Pengamat Penerbangan Indonesia Aviation Center Arista Atmadjati menilai penutupan berdampak setidaknya terhadap dua hal utama, yakni pertama, kehilangan expected revenue bagi sejumlah maskapai regular dan charter seperti Garuda, Batik, Lion, Sriwijaya, dan Citilink dalam pencapaian target pendapatannya pada 2020. Kedua, mengenai utilisasi pesawat wide body seperti Airbus 330, serta narrow body B737-800NG dan Airbus 320 akan menjadi terganggu.
"Alangkah lebih bagus bila regulator, selama larangan sementara terbang ke China, memberikan insentif-insentif bagi maskapai, seperti diskon landing atau parking fee di seluruh bandara Indonesia. Dengan ini, maskapai bisa mengalihkan penerbangannya ke rute-rute domestik," ujarnya, Senin (3/2/2020).
Dia menambahkan dampak buruk bagi maskapai semakin terasa karena pelarangan terbang ini bertepatan pada awal low season bagi industri penerbangan, yakni pada Februari hingga Mei.
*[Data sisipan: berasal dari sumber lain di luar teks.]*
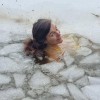 marija-kure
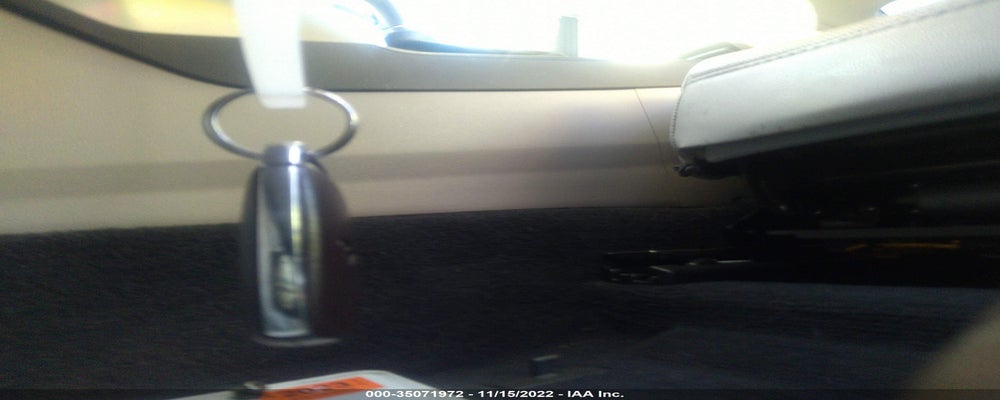 5NPE34AF6HH569490 2017 HYUNDAI SONATA photo no. 11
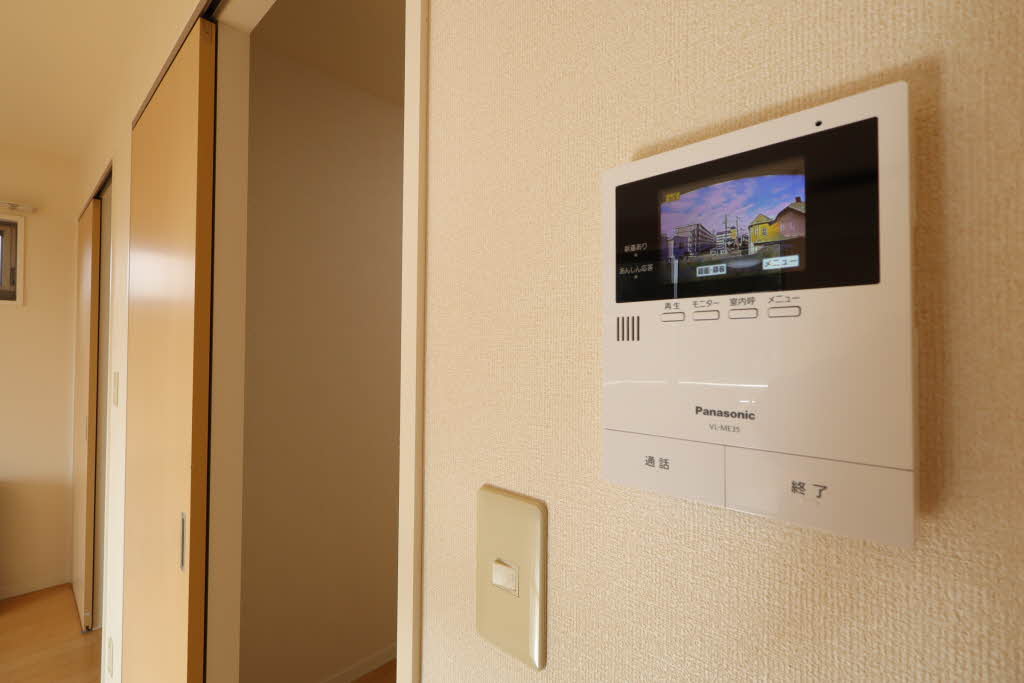 マウントⅠ 0202号-5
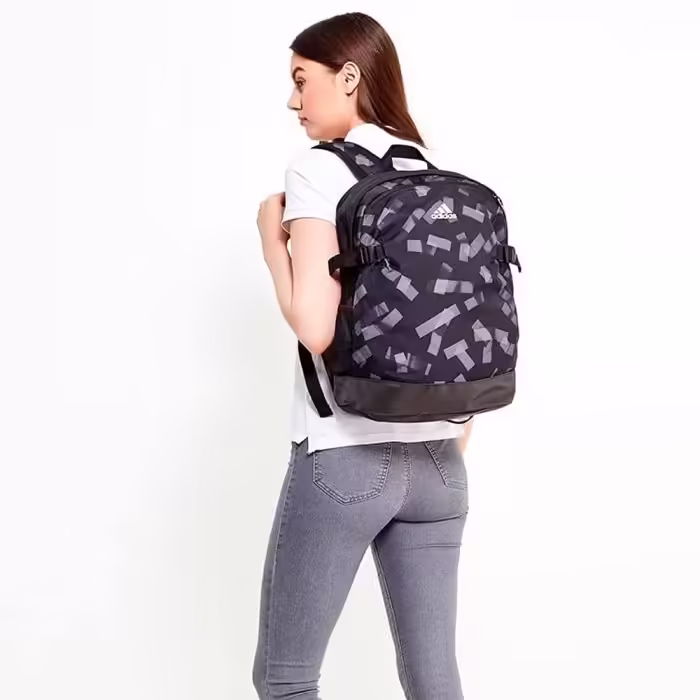 Рюкзак Adidas Bag - 2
Adanya insentif tersebut bisa membuat kinerja maskapai terbantu.
Pihaknya menyebutkan insentif lain yang dapat diberikan diantaranya pajak suku cadang, biaya perawatan pesawat, biaya navigasi, dan biaya lainnya selama masa low season dan dampak Corona.
Baca Juga
Sementara itu, Kementerian Perhubungan memberikan solusi bagi maskapai yang terkena dampak pembatalan penerbangan ke China dengan memanfaatkan destinasi lain di Asia Barat dan Australia.
Menteri Perhubungan Budi Karya Sumadi mengatakan pemilihan dua wilayah tersebut memiliki potensi karena selama ini belum banyak dioptimalkan. Pernyataan tersebut bisa menjadi solusi bagi pemenuhan utilisasi pesawat maskapai yang sebelumnya melayani penerbangan ke Negeri Tirai Bambu.